For every line below, output the text exactly and leave out images.

**Dataset:**
■ ■ ■
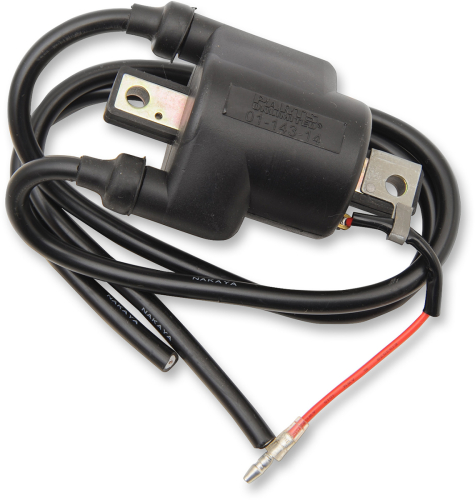 Parts Unlimited - Parts Unlimited External Ignition Coil - 01-143-14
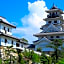 Imabari Urban Hotel (New Building)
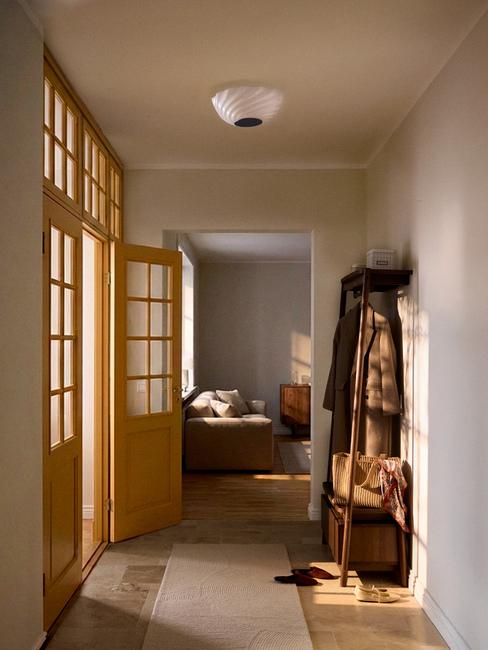 idee disimpegno casa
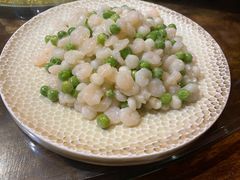 -兰溪小馆(东直门簋街店)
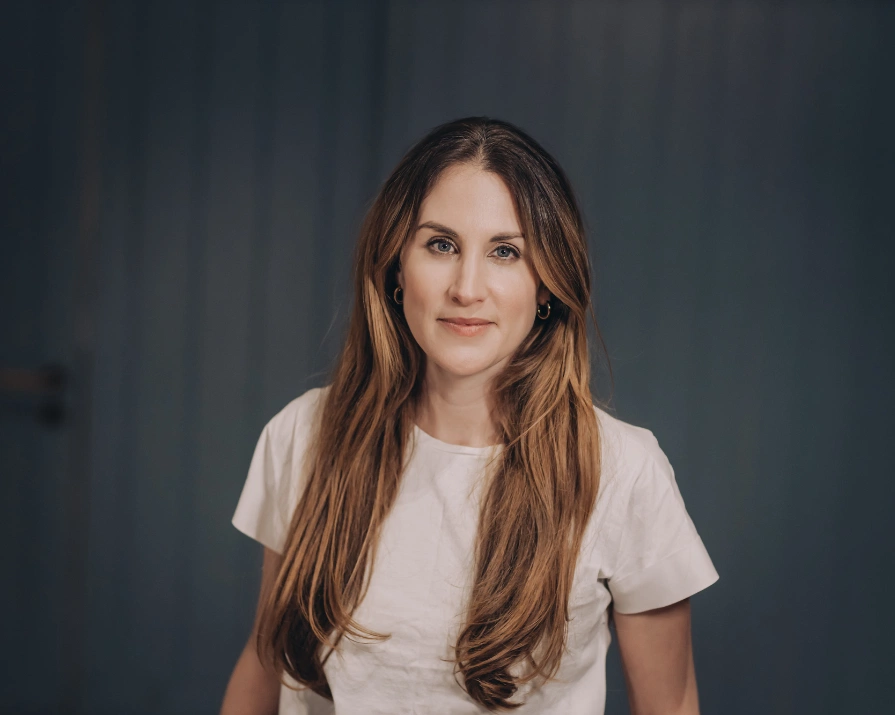 My Career: Journalist and entrepreneur Anne-Marie Tomchak My Career: Journalist and entrepreneur Anne-Marie Tomchak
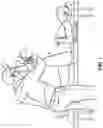 Fig. 02 - Base Mount Apparatus and Method of Using Same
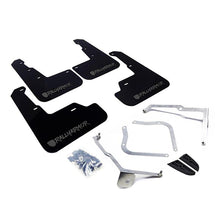 Load image into Gallery viewer, Rally Armor RALMF32-UR-BLK/GRY-X
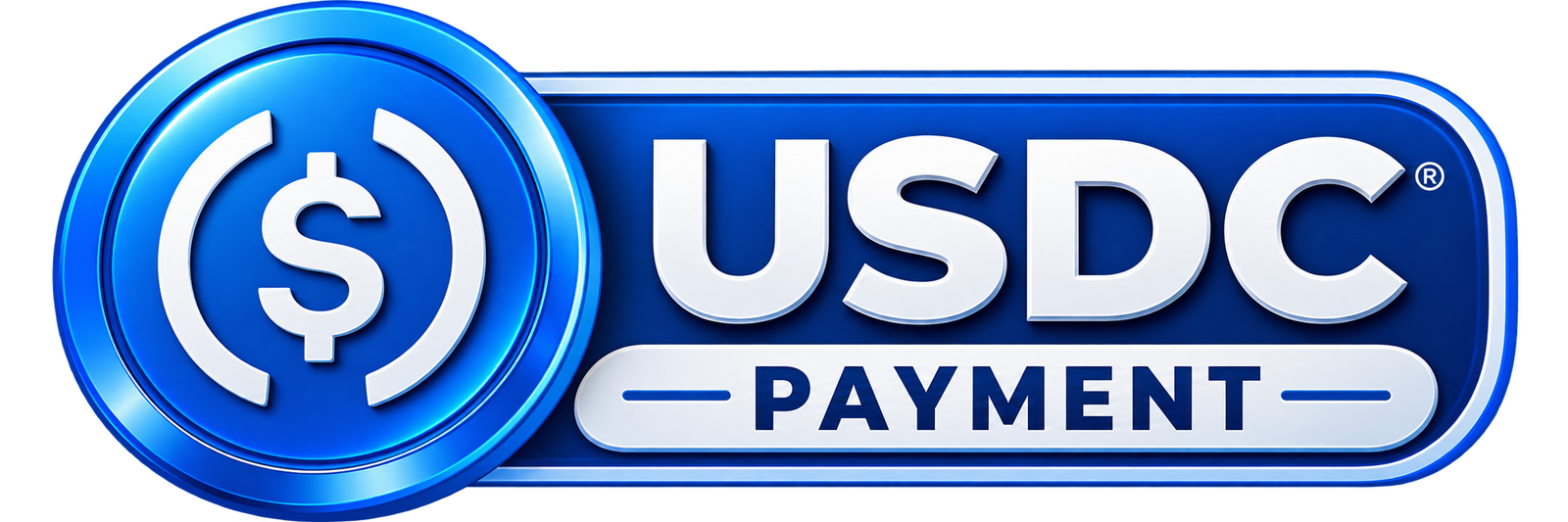 USDC Payment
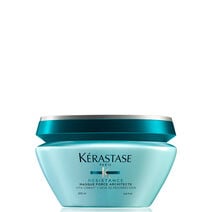 MASQUE FORCE ARCHITECTE - K Loyalty Club - 15% | L'Oréal Partner Shop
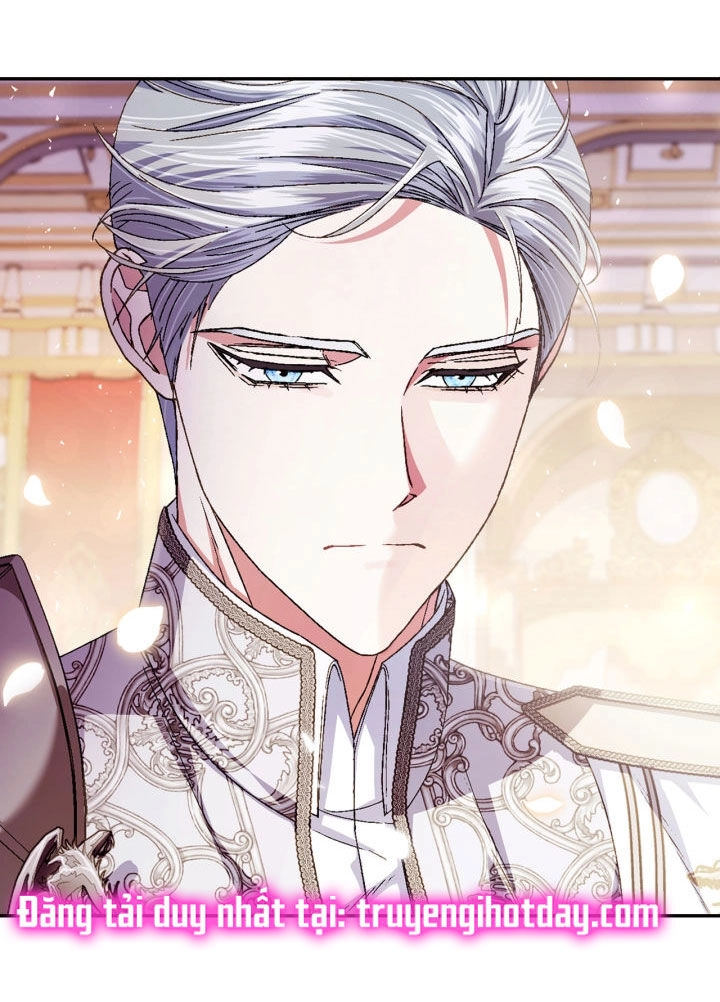 Cha Ơi Con Không Muốn Kết Hôn Đâu Chapter 117.2 - 59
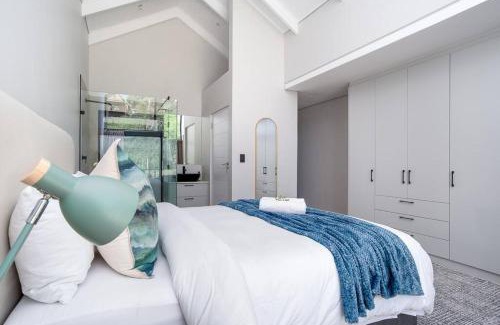 Wilderness Apartment | Wild Sage - Wilderness Cottage
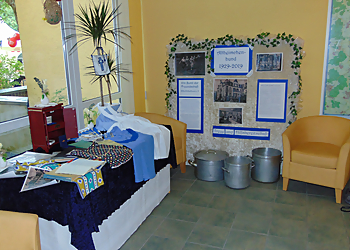 Luisenhaus photo Luisenhaus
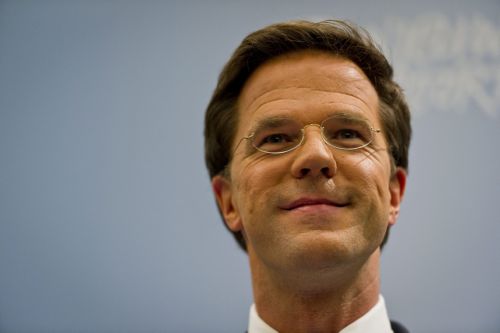 Περιφερειακές εκλογές στην Ολλανδία με «στοίχημα» την Άνω Βουλή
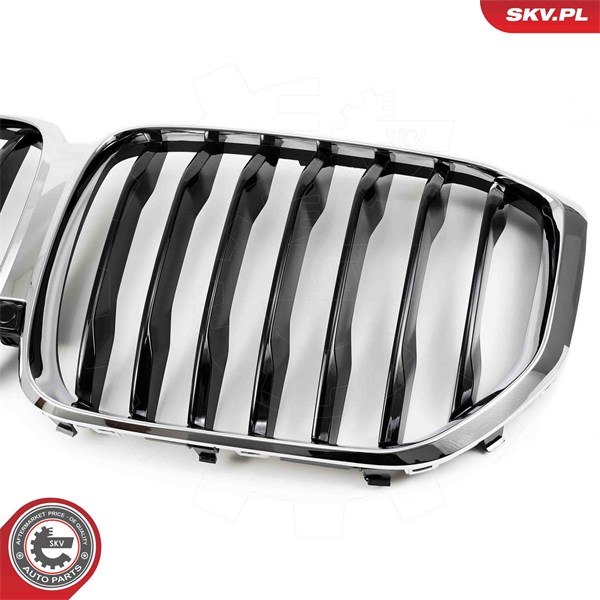 Kylargrill Esen skv 66SKV302 ESEN SKV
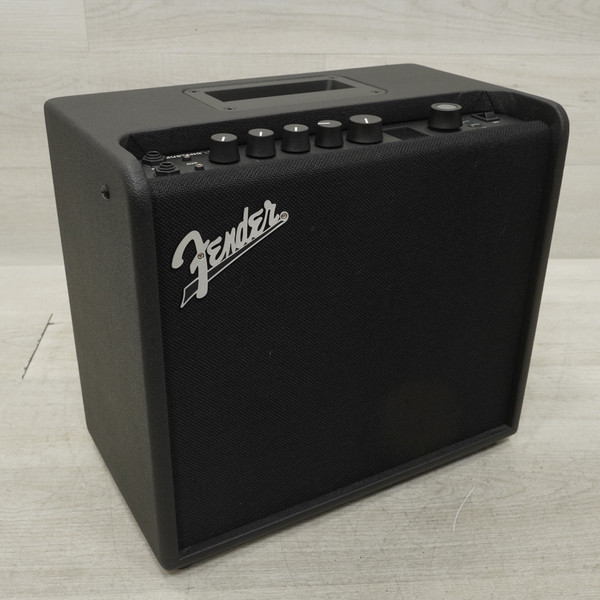 Marshall VALVESTATE VS15 アンプ Marshall VALVESTATE VS15R / VS15 試奏レビュー。マーシャル DEMO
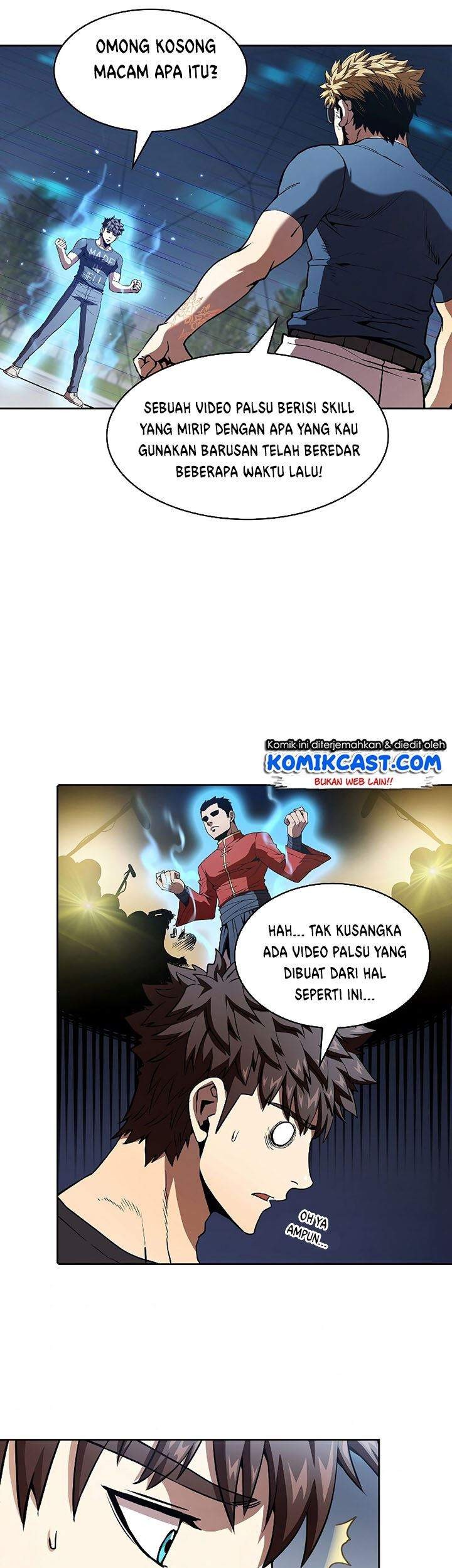 Halaman 23 dari 54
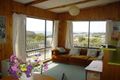 Property photo of 4 Harvey Avenue Bicheno TAS 7215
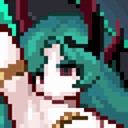 地牢小队最新版本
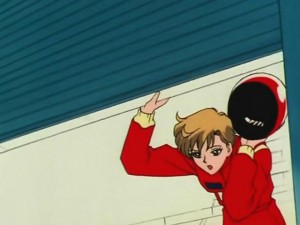 screenshot-anime-sailor-moon-s-episode-106-303.jpg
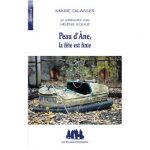 « PEAU D’ÂNE, LA FÊTE EST FINIE » : Voyage initiatique, récits d’enfant et lutte de femmes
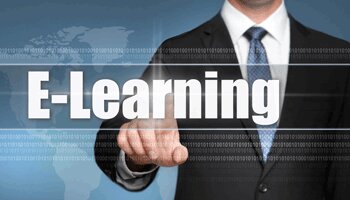 Les plateformes LMS sont-elles devenues incontournables ? - © D.R.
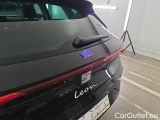  Seat  Leon  1.0 eTSI 110 Move! DSG (Mild Hybrid) 81kW/110pk  5D/P Auto-7 #46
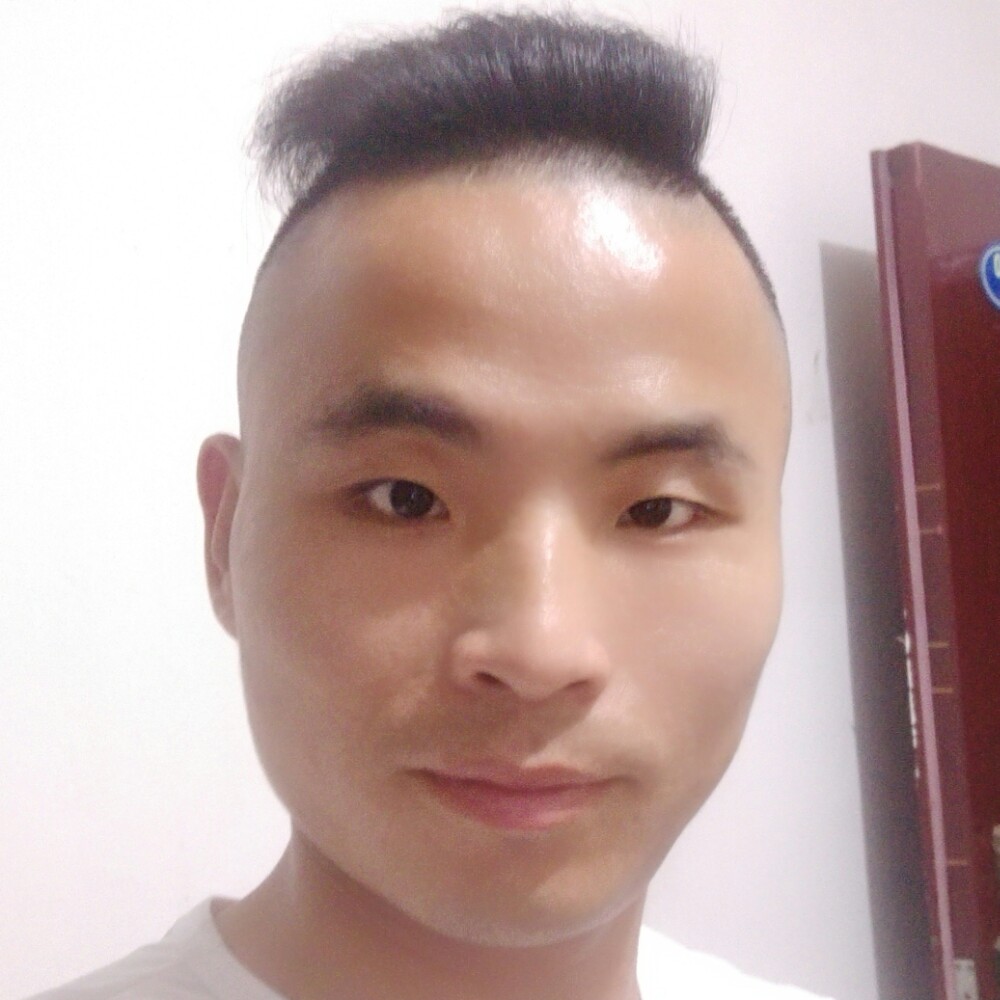 我想找个伴侣♥的照片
■ ■ ■
**Exercise answer:**
 Parts Unlimited - Parts Unlimited External Ignition Coil - 01-143-14
 Imabari Urban Hotel (New Building)
 idee disimpegno casa
 -兰溪小馆(东直门簋街店)
 My Career: Journalist and entrepreneur Anne-Marie Tomchak My Career: Journalist and entrepreneur Anne-Marie Tomchak
 Fig. 02 - Base Mount Apparatus and Method of Using Same
 Load image into Gallery viewer, Rally Armor RALMF32-UR-BLK/GRY-X
 USDC Payment
 MASQUE FORCE ARCHITECTE - K Loyalty Club - 15% | L'Oréal Partner Shop
 Cha Ơi Con Không Muốn Kết Hôn Đâu Chapter 117.2 - 59
 Wilderness Apartment | Wild Sage - Wilderness Cottage
 Luisenhaus photo Luisenhaus
 Περιφερειακές εκλογές στην Ολλανδία με «στοίχημα» την Άνω Βουλή
 Kylargrill Esen skv 66SKV302 ESEN SKV
 Marshall VALVESTATE VS15 アンプ Marshall VALVESTATE VS15R / VS15 試奏レビュー。マーシャル DEMO
 Halaman 23 dari 54
 Property photo of 4 Harvey Avenue Bicheno TAS 7215
 地牢小队最新版本
 screenshot-anime-sailor-moon-s-episode-106-303.jpg
 « PEAU D’ÂNE, LA FÊTE EST FINIE » : Voyage initiatique, récits d’enfant et lutte de femmes
 Les plateformes LMS sont-elles devenues incontournables ? - © D.R.
  Seat  Leon  1.0 eTSI 110 Move! DSG (Mild Hybrid) 81kW/110pk  5D/P Auto-7 #46
 我想找个伴侣♥的照片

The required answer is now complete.